As our nation officially celebrates the 35th Martin Luther King Jr. federal holiday on Monday, it is fair to ask whether better days are ahead or have the ravages of race, and now COVID, indelibly stained the fabric of America?
We live today in the best of times and the worst of times. An age of wisdom and faith, foolishness and folly. A time of light yet darkness; belief yet doubt. A nation of laws, not men, united but deeply divided. Bound by knowledge, burdened by nescience.
King’s dream, while visible from the mountaintop, may yet be deferred as disparities in income, opportunity and law enforcement unfurl in black and white. Although some of the American descendants of African slaves have reached the pinnacle of business, arts and government, the majority still experience the nightmare of inequality.
The net worth of American billionaires has soared by $1 trillion – to a total of $4 trillion – since the coronavirus pandemic began. Many, if not most, are technology titans whose stock holdings have soared. For those shareholders along for the ride, it has been nothing short of glee. But for the over 70 million people who lost work during the same period, the contrast could not be glummer.
American companies have acknowledged King’s famous exhortation that all people should be judged by the content of their character and not the color of the skin. It permeates the brochures and echoes in the advertising.
But their results have been anemic across the board.
Today, there is a palpable lack of racial diversity in the CEO and executive ranks of the Fortune 500, so much so that large institutional investors are mandating dramatic and unprecedented changes.
Nasdaq, for example, sought permission from the Securities and Exchange Commission to require over 3,200 companies listed on its stock exchange to have at least one woman and one diverse director, and also to report data on board diversity – or face consequences, perhaps of delisting.

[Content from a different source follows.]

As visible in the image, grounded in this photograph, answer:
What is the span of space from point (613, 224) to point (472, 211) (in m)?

Goldman Sachs CEO David Solomon announced a new standard for taking companies public: there has to be at least one diverse board member at the company.
Vanguard, one of the world's largest investment firms, has called on companies to develop better reporting on the composition of their boards and to broaden their search for diverse director candidates.

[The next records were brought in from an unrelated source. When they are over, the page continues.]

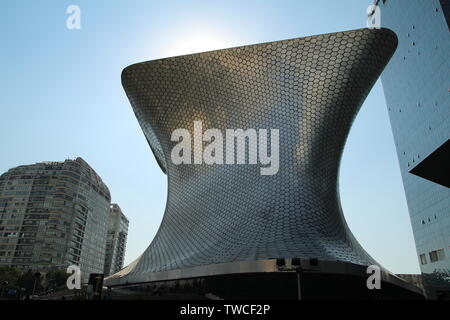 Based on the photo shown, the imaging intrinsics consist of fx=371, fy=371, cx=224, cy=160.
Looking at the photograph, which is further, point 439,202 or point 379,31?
point 439,202

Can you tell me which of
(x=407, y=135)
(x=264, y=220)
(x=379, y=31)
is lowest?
(x=264, y=220)

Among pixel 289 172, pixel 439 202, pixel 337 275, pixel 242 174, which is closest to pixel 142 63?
pixel 242 174

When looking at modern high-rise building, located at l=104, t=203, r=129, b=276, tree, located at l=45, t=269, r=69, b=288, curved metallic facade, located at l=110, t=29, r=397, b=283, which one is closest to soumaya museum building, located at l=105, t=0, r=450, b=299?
curved metallic facade, located at l=110, t=29, r=397, b=283

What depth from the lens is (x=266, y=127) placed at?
2850 centimetres

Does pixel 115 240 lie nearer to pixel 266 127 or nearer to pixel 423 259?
pixel 423 259

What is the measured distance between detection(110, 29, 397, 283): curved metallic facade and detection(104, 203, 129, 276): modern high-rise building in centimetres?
8489

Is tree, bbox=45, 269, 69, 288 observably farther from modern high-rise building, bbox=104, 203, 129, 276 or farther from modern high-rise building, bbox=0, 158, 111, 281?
modern high-rise building, bbox=104, 203, 129, 276

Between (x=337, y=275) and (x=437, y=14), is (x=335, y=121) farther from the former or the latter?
(x=437, y=14)

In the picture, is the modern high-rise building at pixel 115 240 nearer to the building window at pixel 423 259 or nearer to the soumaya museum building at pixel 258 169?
the building window at pixel 423 259

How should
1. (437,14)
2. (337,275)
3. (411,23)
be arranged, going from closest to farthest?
1. (337,275)
2. (437,14)
3. (411,23)

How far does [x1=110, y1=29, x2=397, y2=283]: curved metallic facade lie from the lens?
82.7 ft

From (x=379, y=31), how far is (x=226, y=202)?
54.9 feet

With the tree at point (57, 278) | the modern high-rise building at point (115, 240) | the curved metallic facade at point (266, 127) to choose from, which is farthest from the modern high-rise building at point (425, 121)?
the modern high-rise building at point (115, 240)

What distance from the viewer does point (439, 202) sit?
46.5m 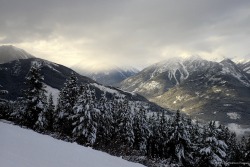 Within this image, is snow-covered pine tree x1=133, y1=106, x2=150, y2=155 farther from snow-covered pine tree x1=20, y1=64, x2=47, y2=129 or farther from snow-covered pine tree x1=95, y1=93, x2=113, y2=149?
snow-covered pine tree x1=20, y1=64, x2=47, y2=129

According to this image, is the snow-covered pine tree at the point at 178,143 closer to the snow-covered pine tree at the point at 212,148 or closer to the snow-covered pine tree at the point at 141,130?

All of these initiatives are well-intended but their success is not guaranteed.
The federal government does not yet have a mandate for racial diversity but the states are moving in an interesting direction. A number of states either have enacted or proposed initiatives to enhance gender and racial diversity on corporate boards. These statutes are based on the research that diversity leads to improved financial performance and is a benchmark of good governance.
California was among the first states in 2018 to require gender diversity on boards of publicly traded corporations in the state. While the law has been challenged in both state and federal court, the premise has been established that government is now keenly interested in equality of opportunity. This approach has been embraced by Colorado, Maryland, Illinois, New York, Hawaii, Massachusetts, Michigan, New Jersey and Washington state.

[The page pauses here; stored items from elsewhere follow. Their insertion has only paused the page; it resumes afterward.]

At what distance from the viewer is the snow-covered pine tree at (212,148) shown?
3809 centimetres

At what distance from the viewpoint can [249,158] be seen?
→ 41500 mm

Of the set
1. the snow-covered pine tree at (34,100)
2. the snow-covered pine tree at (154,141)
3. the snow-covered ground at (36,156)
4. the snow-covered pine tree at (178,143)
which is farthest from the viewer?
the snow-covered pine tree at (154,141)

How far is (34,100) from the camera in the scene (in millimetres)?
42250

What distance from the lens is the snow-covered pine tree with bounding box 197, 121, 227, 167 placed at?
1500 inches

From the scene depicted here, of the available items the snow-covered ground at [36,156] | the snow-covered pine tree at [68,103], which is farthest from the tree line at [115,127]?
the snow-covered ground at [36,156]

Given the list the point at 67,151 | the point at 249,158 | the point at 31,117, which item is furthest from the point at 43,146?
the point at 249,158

Equality of opportunity in the legal profession also has been a perennial issue. Law firms, corporate clients, bar associations and individual leaders have debated, dissected and discussed solutions to increase the number of non-white law firm partners and senior corporate counsel for over thirty years. And yet, the numbers remain abysmally low.
While diversity and inclusion in business is not a panacea in itself for the equality King sought, it is important nonetheless. Providing economic opportunity for everyone, regardless of race or gender creates a multiplier effect in society. As income disparities close, so too can health, educational and housing inequalities.
As contracting, merger and strategic partnership opportunities for minority firms expand into all sectors, including banking, finance, technology and the professions, economic development for diverse communities moves from dream to reality.
The divisions which have become so prevalent in our society today will not gracefully dissolve tomorrow. Our progress as a nation will require men and women of goodwill to embrace not only this unique moment in time but also the mandate for equity in business, commerce and public affairs.
As the nation commemorates the legacy of Martin Luther King Jr., we should be reminded of his words that; "we may all have come on different ships, but we're in the same boat now."
With a political transition in place and a global pandemic in our midst, we also should remember King's advice that "the time is always right to do what is right."
Adonis Hoffman is CEO of The Advisory Counsel, LLC. He served in senior legal and policy positions at the FCC and the U.S. House of Representatives. He is the author of "Doing Good—the New Rules of Corporate Responsibility, Conscience and Character."